- Make a Collection of photos/drawings of things wiggling under a microscope, and that were found in your own backyard, tap water, body, a pet's body, skin, floor, bedding, plants, swimming pool, lake, etc. What are they? Are they dangerous or helpful?
- How do antibiotic-resistant "super bugs" develop? Which harmful ones are known to have developed from non-pathogenic variants? How do new variants develop?
Light Use and Production by Living Things
- Some animals and plants glow! Why do some jellyfish have rows of moving colored lights down their bodies? Why do some fins in the dark depths of the ocean glow? Does anyone know why some fungi glow at night? Are they also doing it in the daylight?
- If you buy fluorescent fish at the store, do they pass on that trait to their young? How did the fish become fluorescent?
- How do different living things respond to different colors of light?
- We can control flowering pumpkins growing indoors by changing the lights over them.
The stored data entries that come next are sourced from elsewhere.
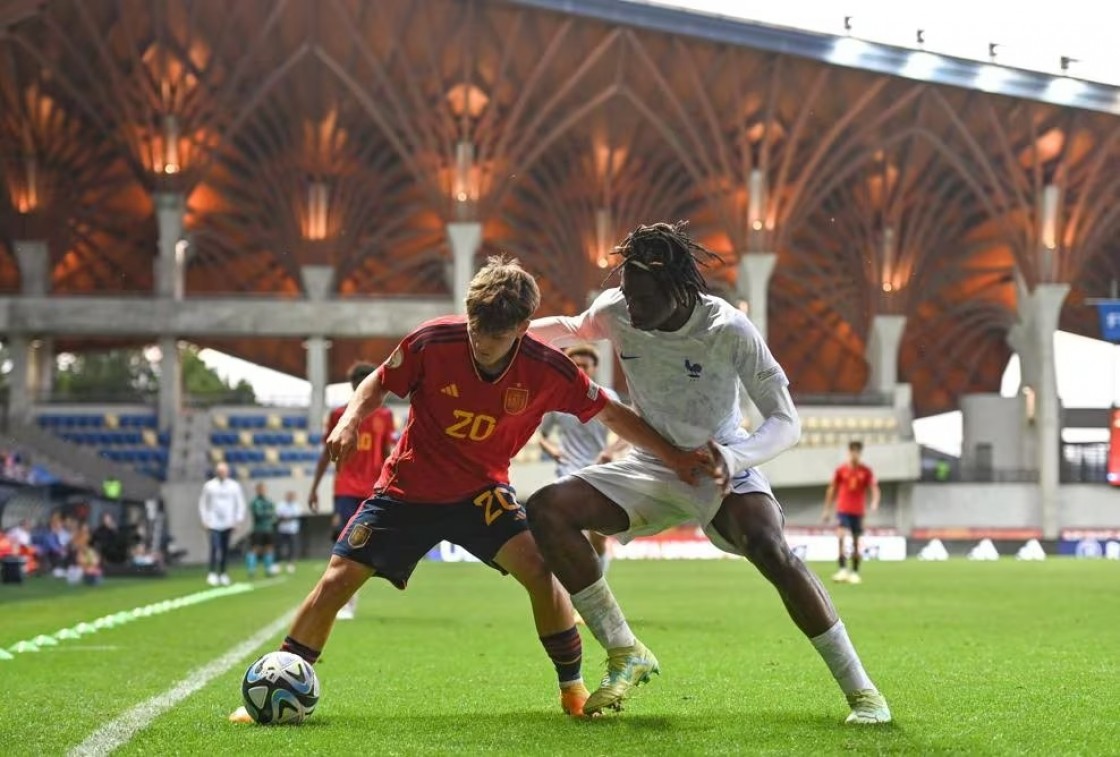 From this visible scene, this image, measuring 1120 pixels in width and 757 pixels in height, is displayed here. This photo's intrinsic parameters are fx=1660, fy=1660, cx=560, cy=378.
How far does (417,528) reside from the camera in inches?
280

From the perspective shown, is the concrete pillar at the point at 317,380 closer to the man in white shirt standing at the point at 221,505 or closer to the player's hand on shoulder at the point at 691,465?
the man in white shirt standing at the point at 221,505

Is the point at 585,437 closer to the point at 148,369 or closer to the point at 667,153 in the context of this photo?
the point at 667,153

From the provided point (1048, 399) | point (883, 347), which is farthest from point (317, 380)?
point (1048, 399)

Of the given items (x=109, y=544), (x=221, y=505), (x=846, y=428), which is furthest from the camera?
(x=846, y=428)

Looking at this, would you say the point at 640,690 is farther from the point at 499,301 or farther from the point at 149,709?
the point at 499,301

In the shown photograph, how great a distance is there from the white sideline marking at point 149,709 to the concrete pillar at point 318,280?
4699 centimetres

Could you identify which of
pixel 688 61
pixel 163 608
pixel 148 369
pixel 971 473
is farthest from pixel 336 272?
pixel 148 369

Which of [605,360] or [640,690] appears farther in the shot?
[605,360]

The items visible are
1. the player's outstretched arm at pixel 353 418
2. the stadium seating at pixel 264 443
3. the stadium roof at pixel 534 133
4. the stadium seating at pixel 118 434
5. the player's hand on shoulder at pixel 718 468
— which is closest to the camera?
the player's outstretched arm at pixel 353 418

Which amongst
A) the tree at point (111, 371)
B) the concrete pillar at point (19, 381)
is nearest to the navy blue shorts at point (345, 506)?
the concrete pillar at point (19, 381)

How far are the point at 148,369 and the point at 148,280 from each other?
3699 cm

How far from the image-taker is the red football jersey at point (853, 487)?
2533 centimetres

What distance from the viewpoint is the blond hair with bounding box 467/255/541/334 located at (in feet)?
21.3

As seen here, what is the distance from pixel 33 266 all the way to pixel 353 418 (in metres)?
56.5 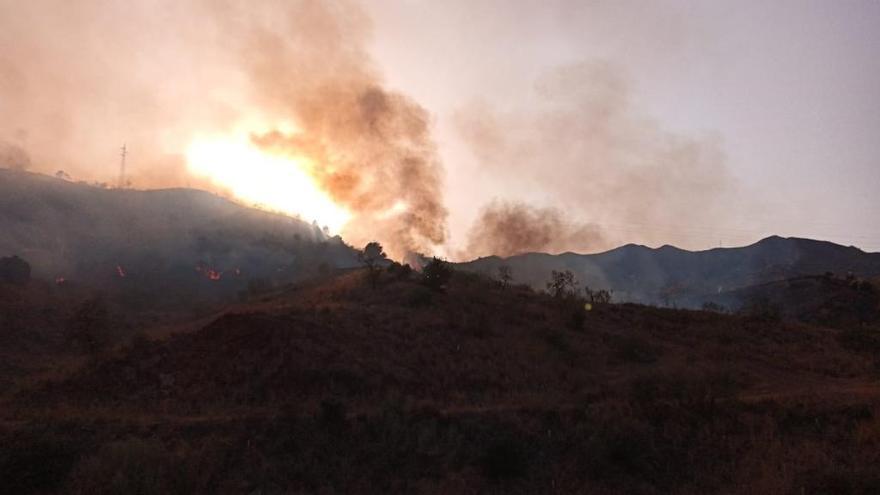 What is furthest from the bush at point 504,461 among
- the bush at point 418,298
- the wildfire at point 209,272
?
the wildfire at point 209,272

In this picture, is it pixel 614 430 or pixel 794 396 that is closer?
pixel 614 430

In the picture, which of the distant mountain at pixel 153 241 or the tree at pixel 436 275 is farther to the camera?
Answer: the distant mountain at pixel 153 241

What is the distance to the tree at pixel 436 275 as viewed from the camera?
135 feet

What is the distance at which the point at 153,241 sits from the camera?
9381cm

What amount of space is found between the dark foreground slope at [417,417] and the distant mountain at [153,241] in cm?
4675

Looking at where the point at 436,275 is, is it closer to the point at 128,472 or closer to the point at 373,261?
the point at 373,261

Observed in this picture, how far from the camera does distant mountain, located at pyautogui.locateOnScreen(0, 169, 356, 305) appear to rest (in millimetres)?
78188

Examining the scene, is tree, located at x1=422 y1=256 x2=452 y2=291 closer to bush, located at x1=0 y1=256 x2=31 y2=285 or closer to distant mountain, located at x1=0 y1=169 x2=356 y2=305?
distant mountain, located at x1=0 y1=169 x2=356 y2=305

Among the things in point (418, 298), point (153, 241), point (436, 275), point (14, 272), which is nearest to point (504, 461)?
point (418, 298)

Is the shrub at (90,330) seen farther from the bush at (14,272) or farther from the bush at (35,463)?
the bush at (14,272)

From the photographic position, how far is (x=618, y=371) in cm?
2956

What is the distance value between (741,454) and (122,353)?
76.7ft

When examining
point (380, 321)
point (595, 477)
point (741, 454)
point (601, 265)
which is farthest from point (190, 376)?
point (601, 265)

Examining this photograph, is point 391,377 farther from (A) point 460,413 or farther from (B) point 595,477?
(B) point 595,477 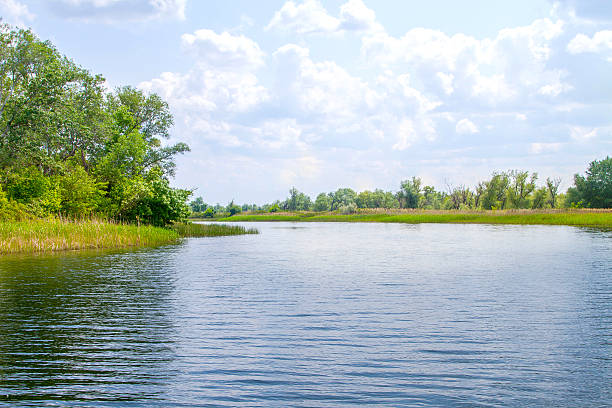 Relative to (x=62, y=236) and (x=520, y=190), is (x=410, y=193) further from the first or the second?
(x=62, y=236)

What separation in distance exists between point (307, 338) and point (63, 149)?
5256cm

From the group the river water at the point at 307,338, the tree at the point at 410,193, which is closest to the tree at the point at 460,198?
the tree at the point at 410,193

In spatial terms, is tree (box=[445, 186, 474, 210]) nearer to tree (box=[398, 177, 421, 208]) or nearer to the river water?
tree (box=[398, 177, 421, 208])

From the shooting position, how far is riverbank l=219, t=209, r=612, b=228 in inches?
3430

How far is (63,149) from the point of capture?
2175 inches

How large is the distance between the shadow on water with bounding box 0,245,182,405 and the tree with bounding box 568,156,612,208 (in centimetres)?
13374

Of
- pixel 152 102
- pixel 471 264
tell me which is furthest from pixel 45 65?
pixel 471 264

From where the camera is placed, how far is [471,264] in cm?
2834

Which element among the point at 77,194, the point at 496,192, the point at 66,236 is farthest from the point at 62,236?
the point at 496,192

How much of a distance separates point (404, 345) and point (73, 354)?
25.8 ft

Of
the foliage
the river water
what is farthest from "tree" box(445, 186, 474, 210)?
the river water

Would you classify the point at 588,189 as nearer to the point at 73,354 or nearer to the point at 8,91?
the point at 8,91

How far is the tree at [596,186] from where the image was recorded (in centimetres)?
12569

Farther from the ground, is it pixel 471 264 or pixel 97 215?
pixel 97 215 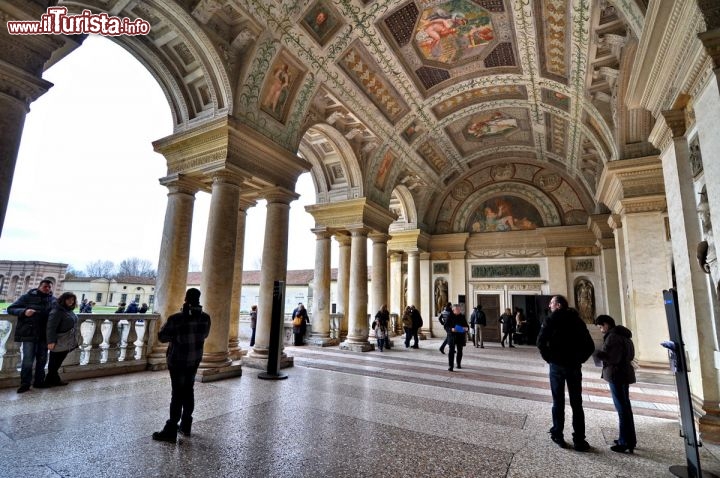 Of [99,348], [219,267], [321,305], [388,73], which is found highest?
[388,73]

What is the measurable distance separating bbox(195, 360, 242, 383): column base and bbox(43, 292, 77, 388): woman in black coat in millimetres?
1882

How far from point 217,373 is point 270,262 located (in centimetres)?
262

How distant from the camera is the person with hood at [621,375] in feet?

Can you experiment to see if some other kind of plant (pick a fast grower!) responds as pumpkins do, making a male vs. female flowers depending on which kind of grow light is above them?
Animals and Plants
- Example: The Portuguese Man o' War: this "individual" comes together from 4 different types of polyps, making it a colonial animal of "siphonophore". How does that happen?
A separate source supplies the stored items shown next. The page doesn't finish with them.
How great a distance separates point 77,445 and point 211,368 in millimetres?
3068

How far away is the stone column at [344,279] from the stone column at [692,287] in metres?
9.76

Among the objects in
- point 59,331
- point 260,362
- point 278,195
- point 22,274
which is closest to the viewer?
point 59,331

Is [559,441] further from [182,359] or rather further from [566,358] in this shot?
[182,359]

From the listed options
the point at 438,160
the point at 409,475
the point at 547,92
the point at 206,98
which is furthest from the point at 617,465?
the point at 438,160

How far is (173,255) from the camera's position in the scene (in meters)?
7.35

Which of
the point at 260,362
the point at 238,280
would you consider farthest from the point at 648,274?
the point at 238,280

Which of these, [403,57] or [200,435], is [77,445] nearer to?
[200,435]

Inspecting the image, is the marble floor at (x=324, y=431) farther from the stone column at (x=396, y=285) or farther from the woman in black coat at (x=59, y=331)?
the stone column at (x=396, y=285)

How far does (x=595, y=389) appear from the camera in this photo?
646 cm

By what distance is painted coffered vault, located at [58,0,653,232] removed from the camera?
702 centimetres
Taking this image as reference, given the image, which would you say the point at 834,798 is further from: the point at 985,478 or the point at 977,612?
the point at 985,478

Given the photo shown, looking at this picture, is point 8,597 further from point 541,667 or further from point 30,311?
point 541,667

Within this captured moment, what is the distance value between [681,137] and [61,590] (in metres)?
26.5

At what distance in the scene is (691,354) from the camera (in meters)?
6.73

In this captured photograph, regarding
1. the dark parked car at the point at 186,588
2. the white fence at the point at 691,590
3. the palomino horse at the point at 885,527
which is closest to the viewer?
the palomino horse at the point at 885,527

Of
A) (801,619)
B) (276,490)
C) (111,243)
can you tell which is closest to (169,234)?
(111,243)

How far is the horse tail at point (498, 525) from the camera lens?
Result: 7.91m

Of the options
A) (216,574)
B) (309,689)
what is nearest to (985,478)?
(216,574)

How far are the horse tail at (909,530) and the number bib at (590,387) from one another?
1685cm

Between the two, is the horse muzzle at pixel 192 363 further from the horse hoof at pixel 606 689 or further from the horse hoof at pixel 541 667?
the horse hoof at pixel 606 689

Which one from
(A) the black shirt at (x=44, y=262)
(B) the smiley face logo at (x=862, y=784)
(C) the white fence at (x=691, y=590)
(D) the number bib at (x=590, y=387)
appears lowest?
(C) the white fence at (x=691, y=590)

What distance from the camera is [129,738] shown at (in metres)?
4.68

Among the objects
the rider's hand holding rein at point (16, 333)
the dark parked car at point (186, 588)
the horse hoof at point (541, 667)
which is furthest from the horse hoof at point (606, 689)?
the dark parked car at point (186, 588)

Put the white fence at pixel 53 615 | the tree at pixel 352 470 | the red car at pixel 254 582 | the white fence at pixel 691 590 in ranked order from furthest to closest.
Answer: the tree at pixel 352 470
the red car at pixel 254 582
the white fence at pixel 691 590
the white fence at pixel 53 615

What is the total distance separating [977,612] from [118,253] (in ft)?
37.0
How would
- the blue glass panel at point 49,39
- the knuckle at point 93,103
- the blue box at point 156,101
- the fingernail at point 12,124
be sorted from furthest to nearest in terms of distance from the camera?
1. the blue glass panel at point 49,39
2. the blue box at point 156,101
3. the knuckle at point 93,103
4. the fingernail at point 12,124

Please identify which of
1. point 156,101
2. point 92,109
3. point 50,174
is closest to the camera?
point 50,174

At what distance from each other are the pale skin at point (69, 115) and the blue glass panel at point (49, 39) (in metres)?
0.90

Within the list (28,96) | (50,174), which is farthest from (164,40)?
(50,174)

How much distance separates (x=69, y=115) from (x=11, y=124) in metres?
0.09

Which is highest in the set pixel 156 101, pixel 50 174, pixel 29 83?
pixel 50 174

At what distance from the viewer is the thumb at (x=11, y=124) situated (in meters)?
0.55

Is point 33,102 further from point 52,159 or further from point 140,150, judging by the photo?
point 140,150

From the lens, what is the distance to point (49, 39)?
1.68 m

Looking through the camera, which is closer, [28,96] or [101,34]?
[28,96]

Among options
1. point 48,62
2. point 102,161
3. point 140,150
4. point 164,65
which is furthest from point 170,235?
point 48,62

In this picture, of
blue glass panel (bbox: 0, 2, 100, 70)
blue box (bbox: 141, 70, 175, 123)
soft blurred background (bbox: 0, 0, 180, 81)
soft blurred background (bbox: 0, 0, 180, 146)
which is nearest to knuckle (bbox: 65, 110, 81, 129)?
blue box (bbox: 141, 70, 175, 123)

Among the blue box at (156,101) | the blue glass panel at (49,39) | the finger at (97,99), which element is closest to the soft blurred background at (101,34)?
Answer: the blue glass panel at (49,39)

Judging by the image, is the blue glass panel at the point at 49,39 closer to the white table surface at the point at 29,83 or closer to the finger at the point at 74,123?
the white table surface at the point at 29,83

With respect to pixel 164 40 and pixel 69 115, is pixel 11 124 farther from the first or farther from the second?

- Venom resistance: How can some creatures not be stung by stinging tentacles of other creatures? Why can sea slugs eat creatures with venomous spines, and pass the intact spines through their bodies to become the slug's venomous spines?
- Compare the effects of different fertilizers, or amount of light, or colors of light, exposure to morning vs. afternoon vs. noon sunshine, or amounts of water or watering methods, or different soils. (If doing an Experiment, don't forget to have a Control and only ONE variable!)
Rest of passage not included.